**Exercise materials**.
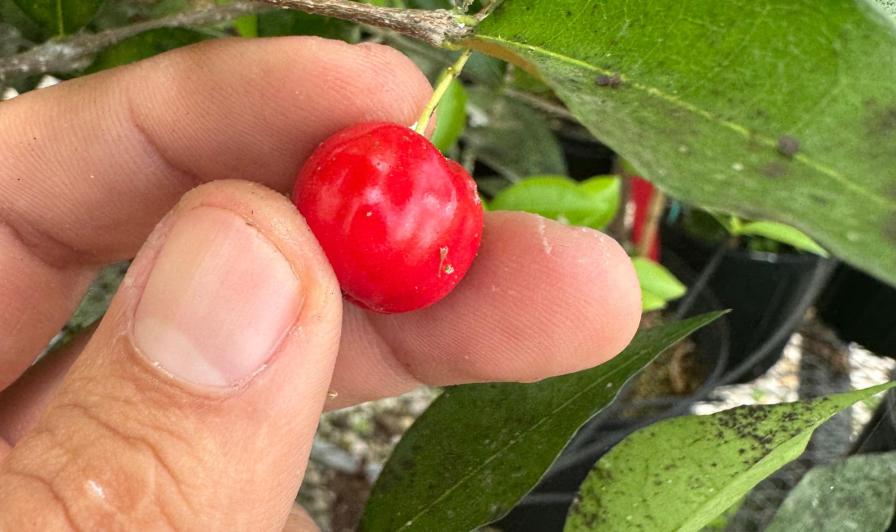 Acerola Cherry Could Be New Opportunity for Florida Fruit Growers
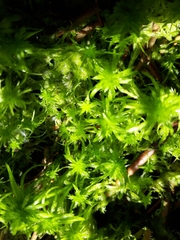 Sphagnum cuspidatum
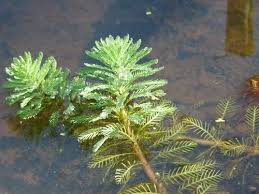 Attēlu rezultāti vaicājumam “Haloragaceae”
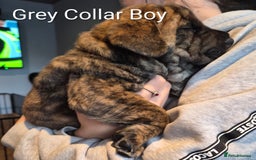 Mixed Breed dogs for sale: Ready to leave 3 Girls Left Shar-Pei x Chow pups  - Image 11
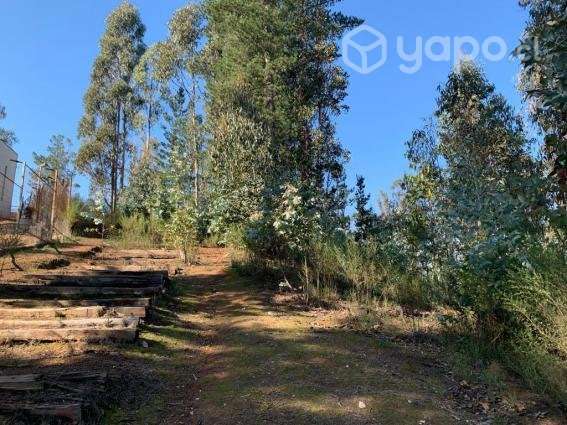 Terreno en Foresta de Curauma - Imagen 8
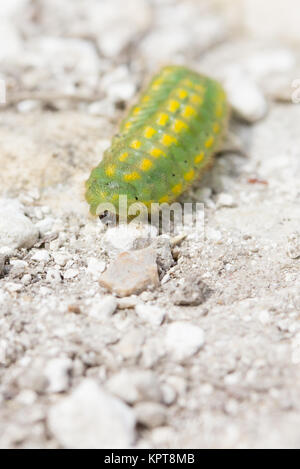 Chalkhill blue (Polyommatus coridon) Raupe crossing Chalk weg. Surrey, Großbritannien. Stockfoto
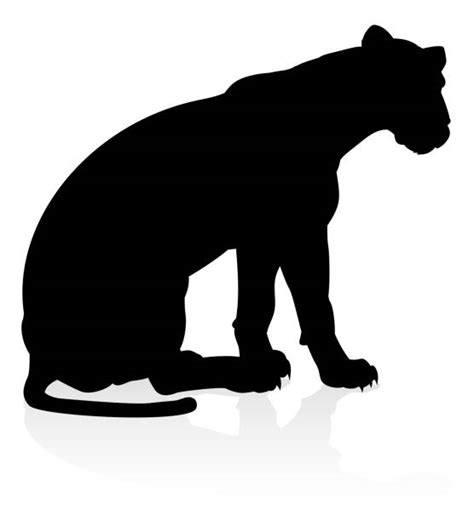 Mountain Lion Silhouette Illustrations, Royalty-Free Vector Graphics ...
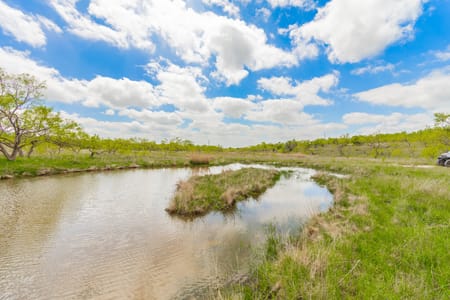 Ballinger, TX 76882 Runnels County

**Work instructions**.
Once the line with "Mixed Breed dogs" is found above, print it and every line after it through the line with "Chalkhill blue (Polyommatus", exactly. Pictures stay out.

**Answer space**.
 Mixed Breed dogs for sale: Ready to leave 3 Girls Left Shar-Pei x Chow pups  - Image 11
 Terreno en Foresta de Curauma - Imagen 8
 Chalkhill blue (Polyommatus coridon) Raupe crossing Chalk weg. Surrey, Großbritannien. Stockfoto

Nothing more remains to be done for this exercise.